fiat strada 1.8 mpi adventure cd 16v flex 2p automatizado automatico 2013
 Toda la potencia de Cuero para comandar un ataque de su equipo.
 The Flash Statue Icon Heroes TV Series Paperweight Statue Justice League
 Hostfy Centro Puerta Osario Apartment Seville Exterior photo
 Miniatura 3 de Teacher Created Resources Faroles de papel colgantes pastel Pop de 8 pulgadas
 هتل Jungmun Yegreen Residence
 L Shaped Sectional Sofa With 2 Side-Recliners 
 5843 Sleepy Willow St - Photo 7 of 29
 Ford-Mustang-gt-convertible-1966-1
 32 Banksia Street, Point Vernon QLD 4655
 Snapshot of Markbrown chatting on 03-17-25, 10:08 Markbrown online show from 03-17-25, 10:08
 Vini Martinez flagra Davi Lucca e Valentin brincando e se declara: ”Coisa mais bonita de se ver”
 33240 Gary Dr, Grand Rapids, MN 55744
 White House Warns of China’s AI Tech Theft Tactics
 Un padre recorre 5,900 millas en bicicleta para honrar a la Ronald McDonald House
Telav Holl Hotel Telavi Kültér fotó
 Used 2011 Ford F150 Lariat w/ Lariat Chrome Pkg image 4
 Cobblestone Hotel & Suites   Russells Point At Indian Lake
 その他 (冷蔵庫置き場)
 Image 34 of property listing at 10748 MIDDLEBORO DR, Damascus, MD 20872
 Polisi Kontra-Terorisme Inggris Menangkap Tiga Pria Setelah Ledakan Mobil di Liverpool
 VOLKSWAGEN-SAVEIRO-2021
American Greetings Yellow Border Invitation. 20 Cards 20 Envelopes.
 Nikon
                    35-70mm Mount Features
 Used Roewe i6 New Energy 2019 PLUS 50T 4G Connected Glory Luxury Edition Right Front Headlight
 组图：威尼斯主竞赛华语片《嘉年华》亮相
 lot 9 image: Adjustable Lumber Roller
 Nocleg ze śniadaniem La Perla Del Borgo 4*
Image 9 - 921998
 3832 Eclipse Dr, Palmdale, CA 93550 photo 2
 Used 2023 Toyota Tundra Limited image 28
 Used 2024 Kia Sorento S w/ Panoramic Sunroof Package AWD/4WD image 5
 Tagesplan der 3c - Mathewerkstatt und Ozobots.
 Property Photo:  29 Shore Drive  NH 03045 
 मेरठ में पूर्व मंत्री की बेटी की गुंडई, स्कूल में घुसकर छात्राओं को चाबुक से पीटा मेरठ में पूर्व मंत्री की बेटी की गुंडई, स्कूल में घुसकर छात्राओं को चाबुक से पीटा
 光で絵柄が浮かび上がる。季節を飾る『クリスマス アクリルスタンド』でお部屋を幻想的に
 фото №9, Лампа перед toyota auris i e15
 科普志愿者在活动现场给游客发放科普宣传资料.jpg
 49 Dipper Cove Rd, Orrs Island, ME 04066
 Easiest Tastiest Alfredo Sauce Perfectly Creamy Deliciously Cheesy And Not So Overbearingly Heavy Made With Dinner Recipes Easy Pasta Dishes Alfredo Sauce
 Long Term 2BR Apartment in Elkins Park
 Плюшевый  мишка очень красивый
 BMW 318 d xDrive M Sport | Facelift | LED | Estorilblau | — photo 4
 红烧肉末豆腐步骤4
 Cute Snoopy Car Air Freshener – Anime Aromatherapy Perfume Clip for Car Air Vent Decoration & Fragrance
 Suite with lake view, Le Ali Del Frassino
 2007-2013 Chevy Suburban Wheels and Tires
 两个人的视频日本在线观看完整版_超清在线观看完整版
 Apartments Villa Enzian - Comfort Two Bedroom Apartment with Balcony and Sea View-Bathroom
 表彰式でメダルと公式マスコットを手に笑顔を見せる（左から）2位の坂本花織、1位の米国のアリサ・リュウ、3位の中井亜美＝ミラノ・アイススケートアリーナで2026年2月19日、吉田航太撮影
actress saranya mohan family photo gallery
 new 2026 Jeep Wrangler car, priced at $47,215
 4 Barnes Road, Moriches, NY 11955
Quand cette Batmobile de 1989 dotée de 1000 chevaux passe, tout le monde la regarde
---*---
*Exercise brief*.
In the records above, some lines may contain the word "Ford"; copy every one of them.

*Result for this exercise*.
 Ford-Mustang-gt-convertible-1966-1
 Used 2011 Ford F150 Lariat w/ Lariat Chrome Pkg image 4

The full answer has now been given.